As documented in "15 Things the GOP Doesn't Want You to Know about Taxes and the Debt," virtually every article of conservative faith on tax cuts is demonstrably false. In contrast, what the yanked CRS report had to say on the history of tax cuts, productivity, investment, economic growth and job creation was indisputably true:

Throughout the late-1940s and 1950s, the top marginal tax rate was typically above 90%; today it is 35%. Additionally, the top capital gains tax rate was 25% in the 1950s and 1960s, 35% in the 1970s; today it is 15%. The real GDP growth rate averaged 4.2% and real per capita GDP increased annually by 2.4% in the 1950s. In the 2000s, the average real GDP growth rate was 1.7% and real per capita GDP increased annually by less than 1%.

There is not conclusive evidence, however, to substantiate a clear relationship between the 65-year steady reduction in the top tax rates and economic growth. Analysis of such data suggests the reduction in the top tax rates have had little association with saving, investment, or productivity growth.

However, the top tax rate reductions appear to be associated with the increasing concentration of income at the top of the income distribution. The share of income accruing to the top 0.1% of U.S. families increased from 4.2% in 1945 to 12.3% by 2007 before falling to 9.2% due to the 2007-2009 recession. The evidence does not suggest necessarily a relationship between tax policy with regard to the top tax rates and the size of the economic pie, but there may be a relationship to how the economic pie is sliced.

As the Times reported, Republicans claim to have been irked by the report's use of such terms as "Bush tax cuts" and "tax cuts for the rich." Their real problem, of course, is with the truth.

Now, Republicans have warned for decades that that increasing tax rates on so-called "job creators" will hurt employment and slow economic growth. As it turns out, the economy grew faster and produced more jobs when upper-income tax rates were higher--even much higher--than today.

That record prompted David Leonhardt of the New York Times to ask two years "Why should we believe that extending the Bush tax cuts will provide a big lift to growth?" His answer was unambiguous:

Those tax cuts passed in 2001 amid big promises about what they would do for the economy. What followed? The decade with the slowest average annual growth since World War II. Amazingly, that statement is true even if you forget about the Great Recession and simply look at 2001-7...

Is there good evidence the tax cuts persuaded more people to join the work force (because they would be able to keep more of their income)? Not really.

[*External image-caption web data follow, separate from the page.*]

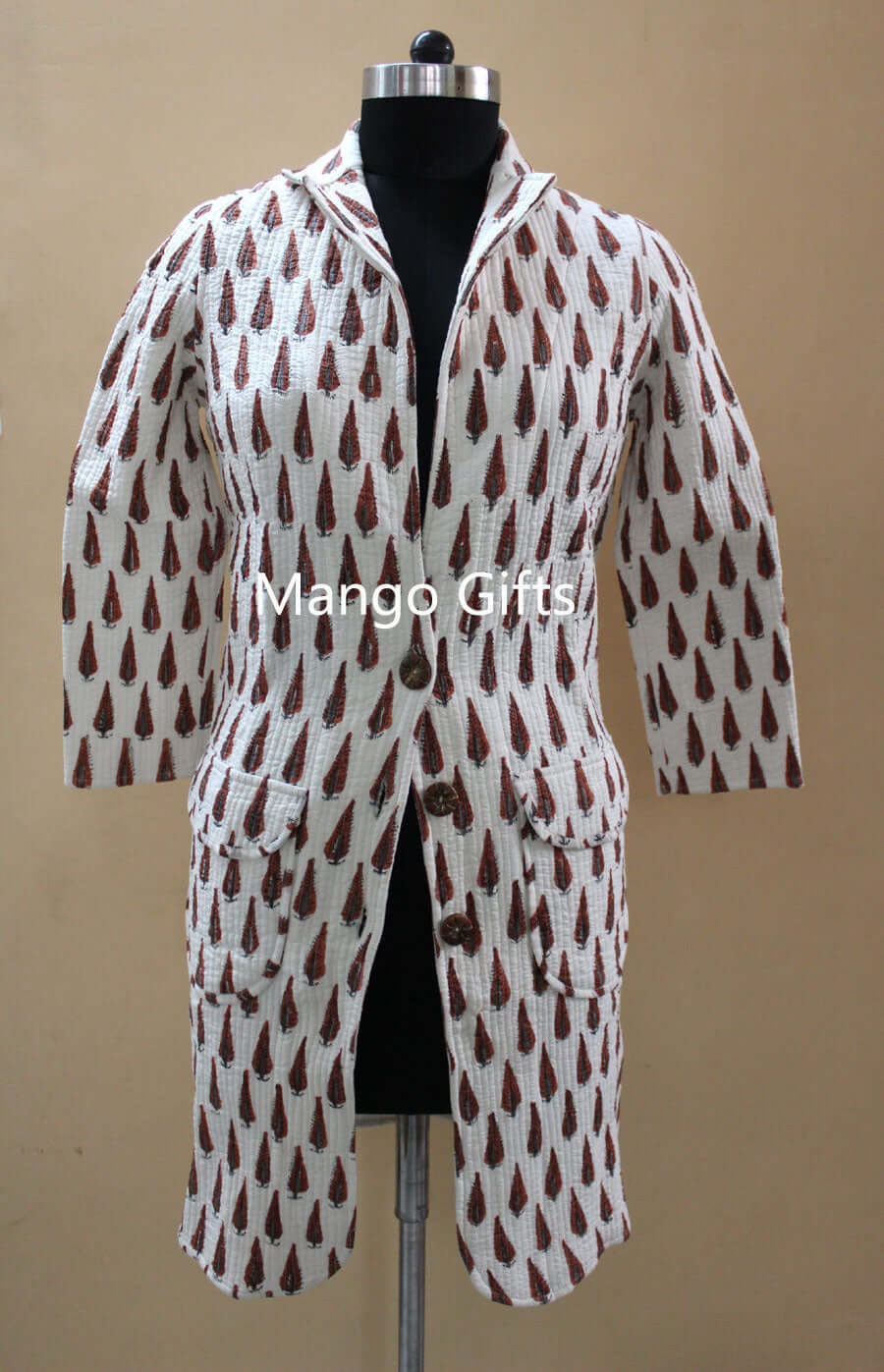 Discover our lightweight, 100% cotton white jacket featuring a button closure and pockets. Ideal for fashion-forward women!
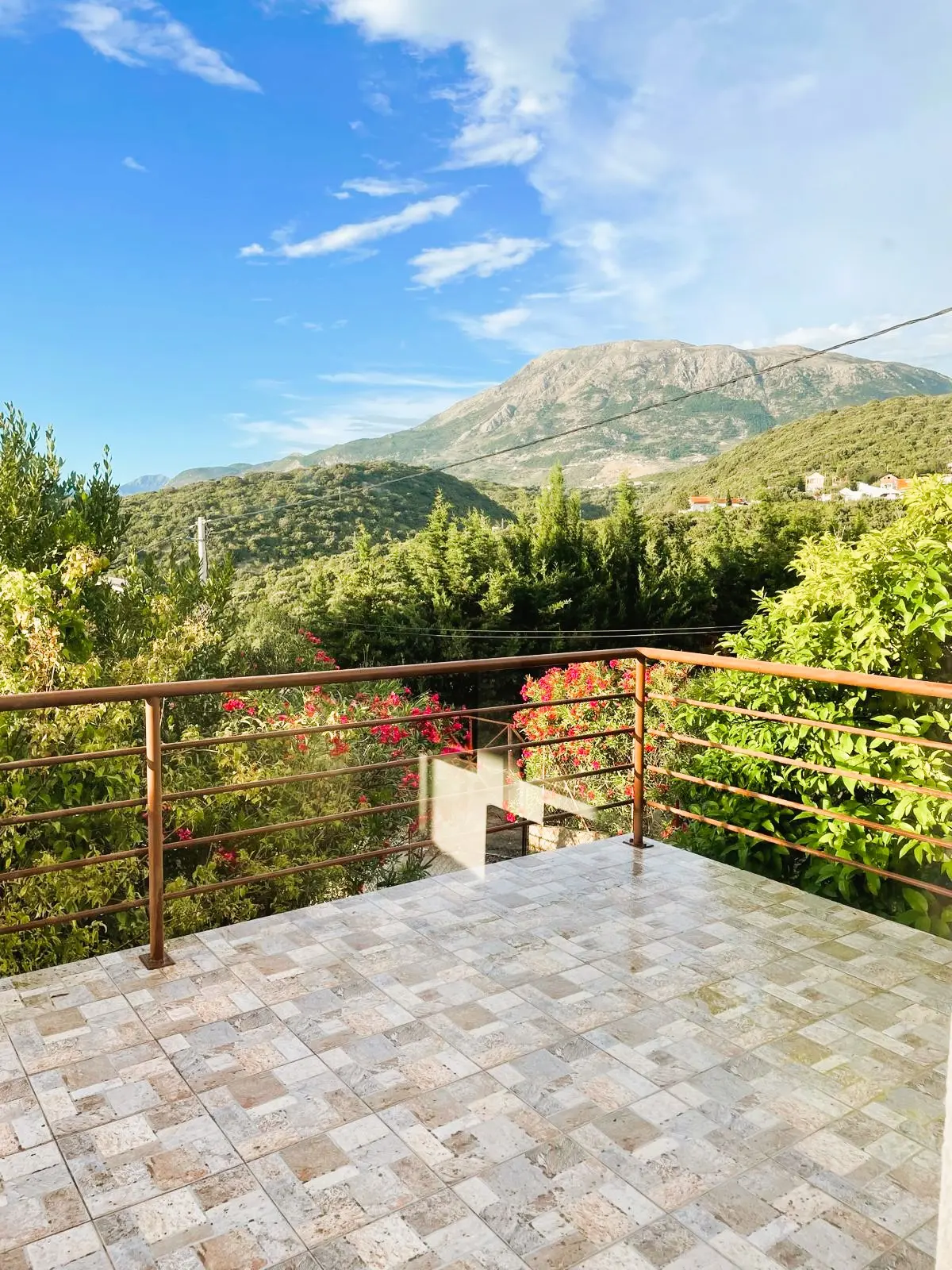 Spacious Sea-View House for Sale in Bar-Utjeha 11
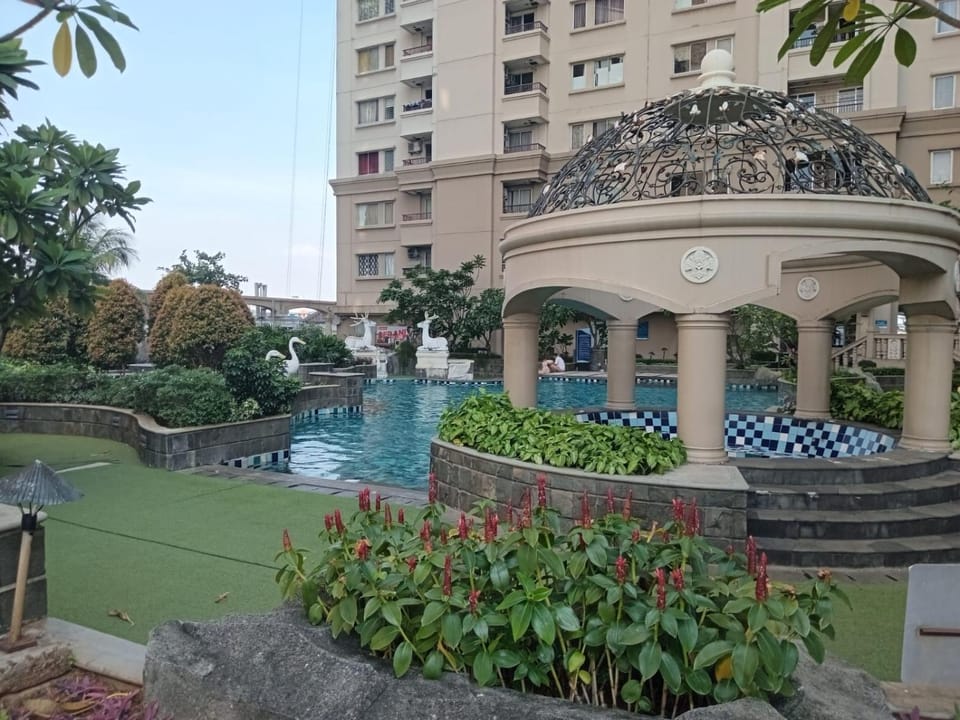1BR & 2BR Apartemen Mediterania Marina Ancol Apartment in Jakarta
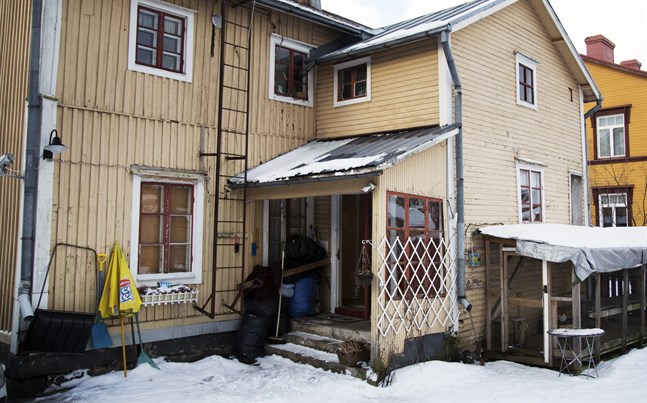 Katthuset på Levonsgatan är i dåligt skick. Om föreningen flyttar planerar Vasa stad att riva huset.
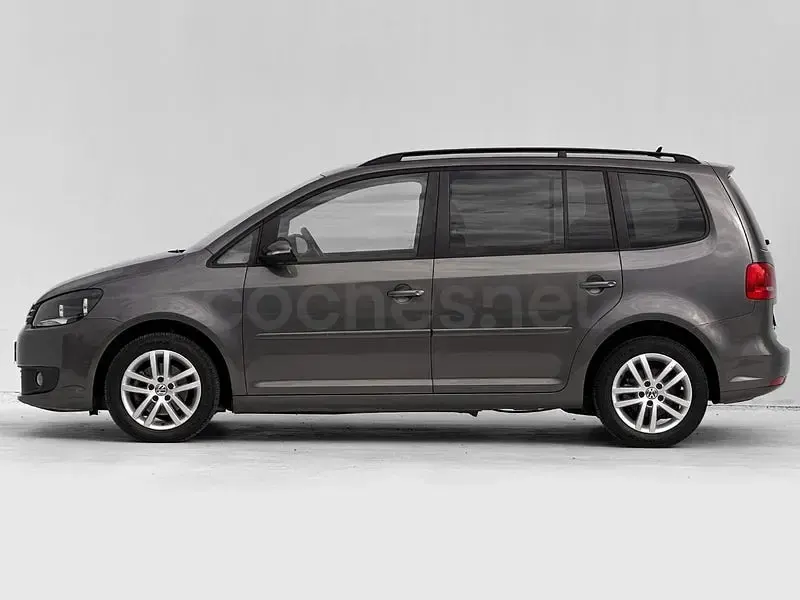 Usado VW Touran Edition 105 CV (77 kW) 2012 Gris / plata Monovolumen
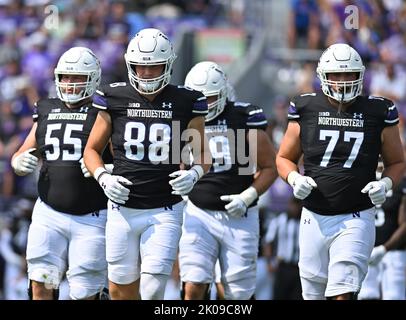 Evanston, Illinois, USA. 10. September 2022. Northwestern Wildcats kommt während des NCAA-Fußballspiels zwischen Northwestern und Duke im Ryan Field in Evanston, Illinois, auf das Spielfeld. Dean Reid/CSM/Alamy Live News Credit: CAL Sport Media/Alamy Live News Stockfoto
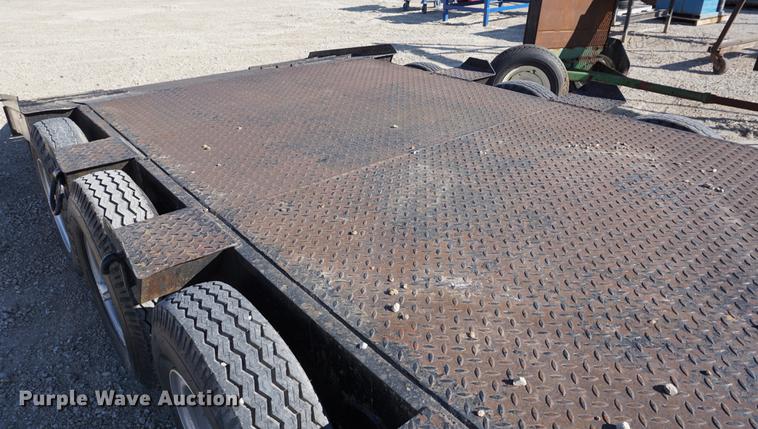 image for item DE3129 1971 General L9L equipment trailer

The labor-force participation rate fell in the years after 2001 and has never again approached its record in the year 2000.

Is there evidence that the tax cuts led to a lot of entrepreneurship and innovation? Again, no. The rate at which start-up businesses created jobs fell during the past decade.

As ThinkProgress revealed in the charts at the top, the data are clear: lower taxes for America's so called job-creators don't mean either faster economic growth or more jobs for Americans.

It's no wonder Leonhardt followed his first question with another. "I mean this as a serious question, not a rhetorical one," he asked, "Given this history, why should we believe that the Bush tax cuts were pro-growth?" Or as Mark Shields asked and answered in April:

"Do tax cuts help 'job creators' or 'robber barons'?"

As the quashed analysis by the Congressional Research Service shows, lower income and capital gains tax rates don't correlate with high economic growth. Higher income inequality is another matter:

The CRS report should have been uncontroversial. But as just the latest analysis confirming that lightly-taxed job creators don't create jobs, just as tax cuts don't pay for themselves, the nonpartisan agency simply reported the truth. And apparently, it isn't setting Republicans free.